Falaram em nome do tribunal seu presidente, Luís Roberto Barroso, e seu decano, Gilmar Mendes. Ainda que não tenha sido chamado a se pronunciar especificamente sobre a PEC, Alexandre de Moraes também deixou registradas as suas críticas.

Embora ganhem destaque as expressões mais nítidas de incômodo com a proposta, o pronunciamento de Gilmar sugere que a preocupação da Corte está menos ligada ao mérito da PEC e mais ao receio do que pode vir na esteira dessa votação.

Apresentada pelo senador Oriovisto Guimarães (Podemos-PR), a PEC veda a concessão de uma decisão individual que suspenda a eficácia de uma lei – aprovada, portanto, pelo Congresso Nacional. Na prática, define que uma lei só pode ser derrubada por um julgamento colegiado do Supremo.

“Lembro aos ministros: recados da rua chegam a todos nós dando conta de que o projeto de emenda aprovado é mal menor, tendo sido endereçado a esta Casa agora como forma de impedir possíveis reformas ainda mais drásticas ao funcionamento da Corte, ou, mesmo, a instauração de processos de impeachment contra membros deste tribunal”, diz um trecho do discurso de Gilmar.

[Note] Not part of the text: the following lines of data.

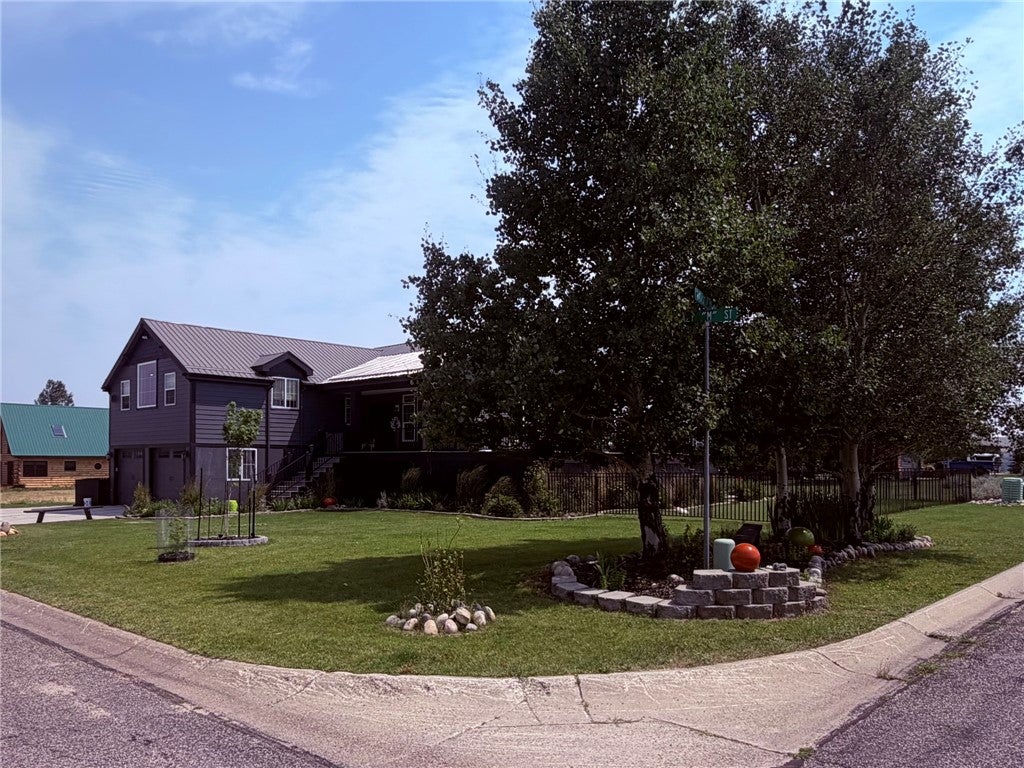 1110 Lazy M Street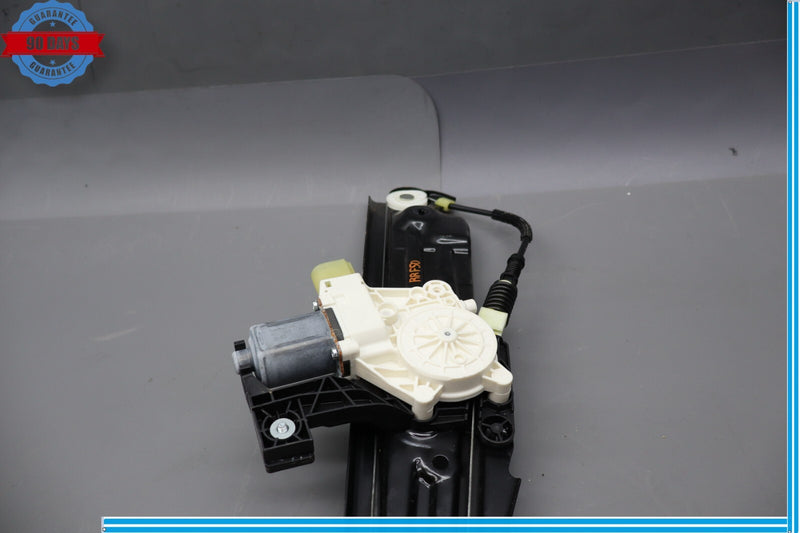 Load image into Gallery viewer, 09-15 BMW 750Li F01 Rear Right Side Window Motor Regulator 51357182616 Oem

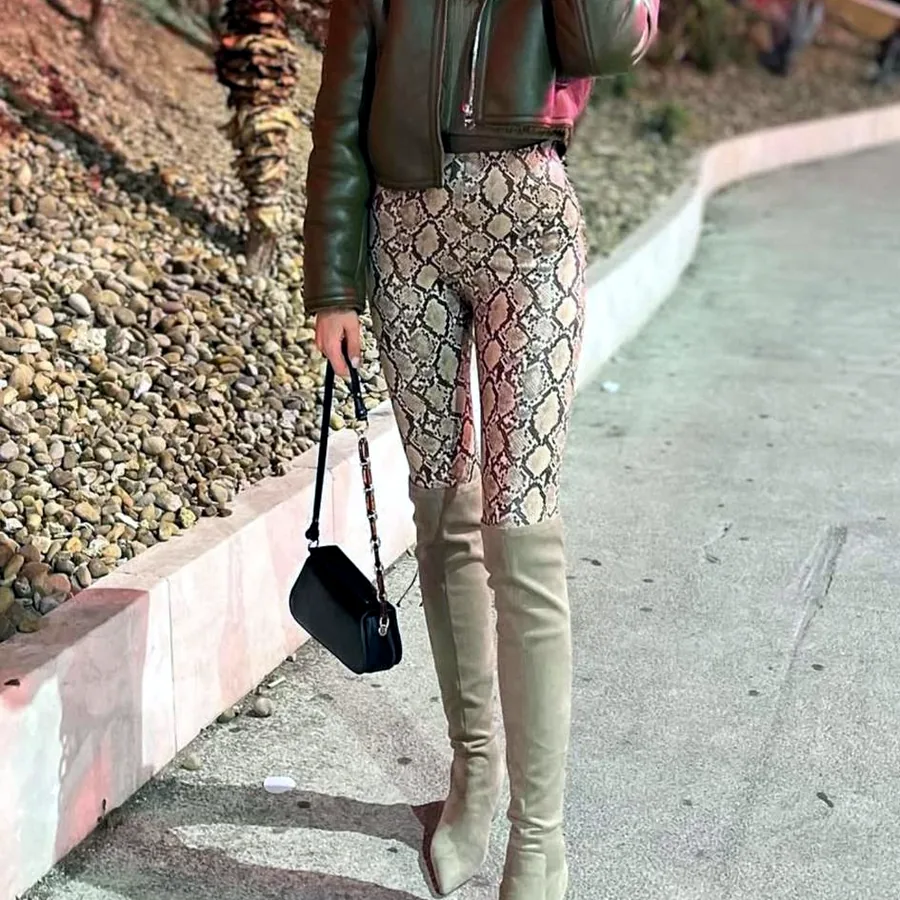 Сапоги Charles&Keith, размер 40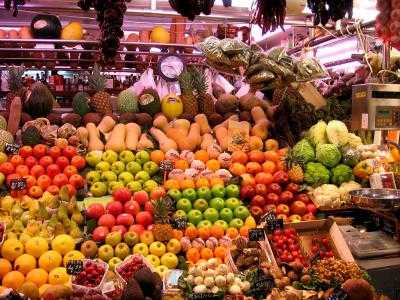 Vanzarea fructelor/legumelor la stand sau piata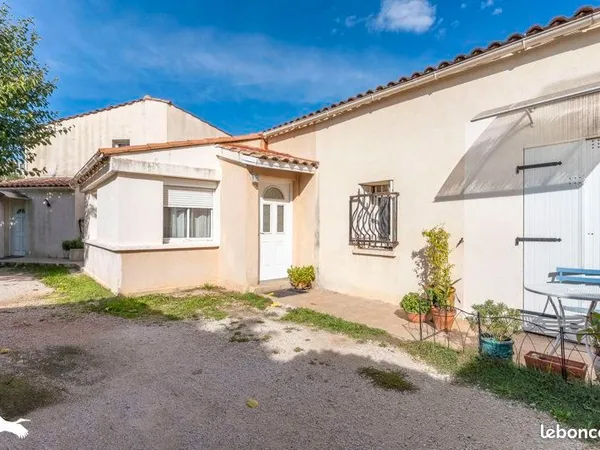 Maison 10 pièces 254 m²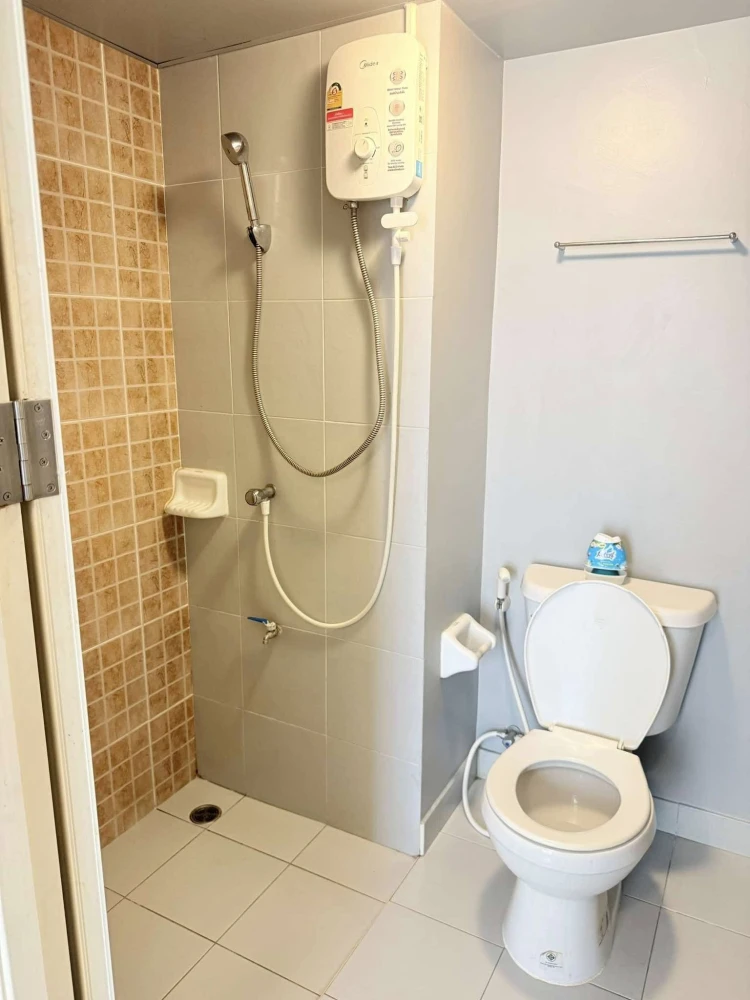 For rent: Lumpini Township Rangsit Klong 1, 2nd floor, nice room, comes with complete decorations.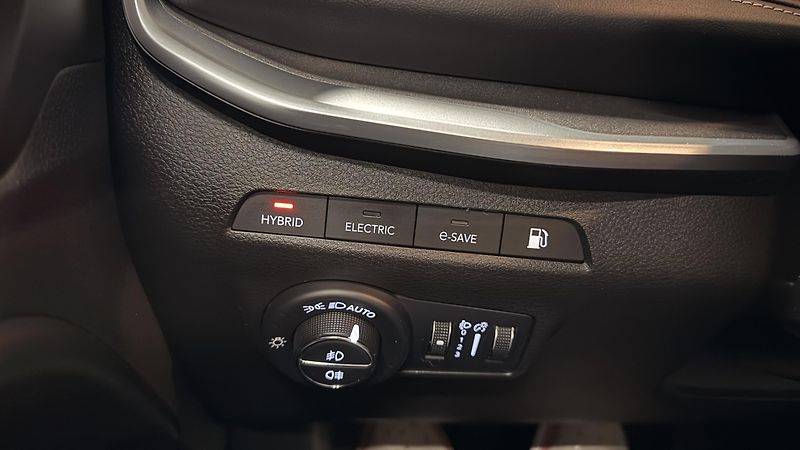 Jeep Compass (2023) 1.3 T4 PHEV,4x4,ZÁRUKA - fotka 34 z 56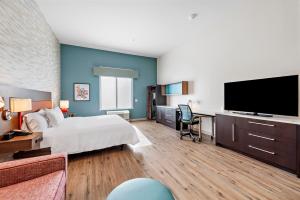 Home2 Suites By Hilton San Bernardino - Staff and Customer Service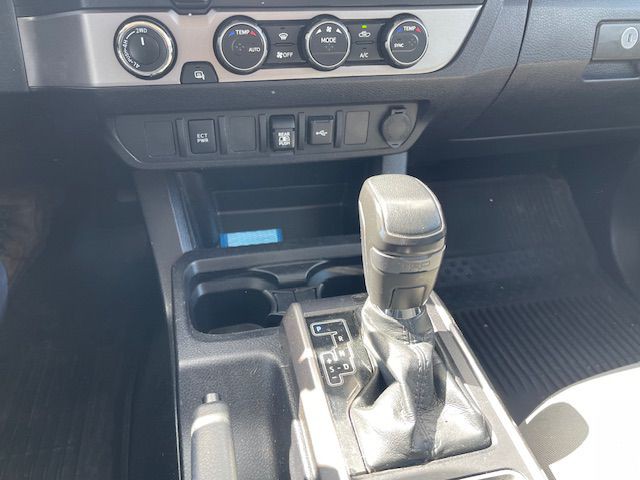 2022 Toyota Tacoma Image 15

O excerto acima consta da versão escrita de seu pronunciamento, mas, ao longo da sessão, o decano proferiu declarações não programadas. Já na reta final, alertou:

“É preciso que isso seja interpretado como um teste. Daqui a pouco, vão dizer que o STF só pode declarar a inconstitucionalidade ou conceder liminar com dois terços dos votos? Ou, quiçá, por unanimidade, como já ocorreu em outros países?”

Uma medida concreta que tende a ser analisada pelo Senado é a fixação de mandatos para ministros do Supremo. Atualmente, eles se aposentam compulsoriamente apenas ao completarem 75 anos.

De forma menos direta que Gilmar, Alexandre de Moraes também afirmou ser necessário reagir à decisão do Senado.

“A Constituição garantiu a independência do Judiciário, proibindo qualquer alteração constitucional que desrespeite essa independência e a separação de Poderes”, disse o ministro. “Tenho certeza de que esta Corte demonstrará coragem na defesa dessa princpal garantia do Judiciário, não em favor do STF ou dos juízes, mas em defesa da sociedade, com a independência de seus juízes.”

Barroso, por sua vez, disse que “o tribunal vê com preocupação avanços legislativos sobre sua atuação” e declarou que “não se sacrificam instituições no altar das conveniências políticas”.

No início da noite desta quinta, o presidente do Senado, Rodrigo Pacheco (PSD-MG), tentou ao mesmo tempo jogar água na fervura e marcar posição. Ele disse que a PEC aprovada tem “uma clareza técnica muito grande” e negou qualquer tipo de retaliação ao STF.

Acrescentou, porém, que “nenhuma instituição tem o monopólio da defesa da democracia no Brasil” e que não há instituição “imutável ou intocável”. Trata-se de uma resposta direta aos ministros do Supremo que reforçaram, em diversos momentos nesta quinta, o papel da Corte diante da ameaça autoritária dos últimos anos (sem citar Jair Bolsonaro) e dos ataques de 8 de Janeiro.

Antes mesmo da aprovação da PEC, no entanto, a Corte já se preocupava mais com o timing do que com o mérito. A matéria estava na gaveta do presidente do Senado desde 2021 e só voltou à tona quando o STF tomou decisões ou marcou julgamentos que desagraram a oposição, especialmente os bolsonaristas. Na Comissão de Constituição e Justiça, a “votação” da proposta de interferência no STF durou quarenta segundos.

Entre os principais pontos de discórdia estão:

  • a decisão de declarar inconstitucional a tese ruralista do Marco Temporal para a demarcação de territórios;
  • o início do julgamento sobre a descriminalização do porte de maconha para uso pessoal; e
  • a abertura do julgamento sobre a descriminalização do aborto.

Não à toa, Barroso afirmou, nesta quinta, que “não há institucionalidade que resista se cada setor que se sentir contrariado por decisões do tribunal quiser mudar a estrutura e o funcionamento da Corte”.

Quanto à PEC aprovada pelo Senado, ainda pode haver consequência. Se algum partido ou alguma entidade questionar a constitucionalidade da matéria, caberá a Barroso pautar a votação.

Para ser promulgada, porém, a proposta ainda tem de ser aprovada pela Câmara, em dois turnos, com no mínimo 308 votos. Ao contrário do que ocorreu no Senado, o presidente Arthur Lira (PP-AL) não pretende chancelar a PEC a toque de caixa.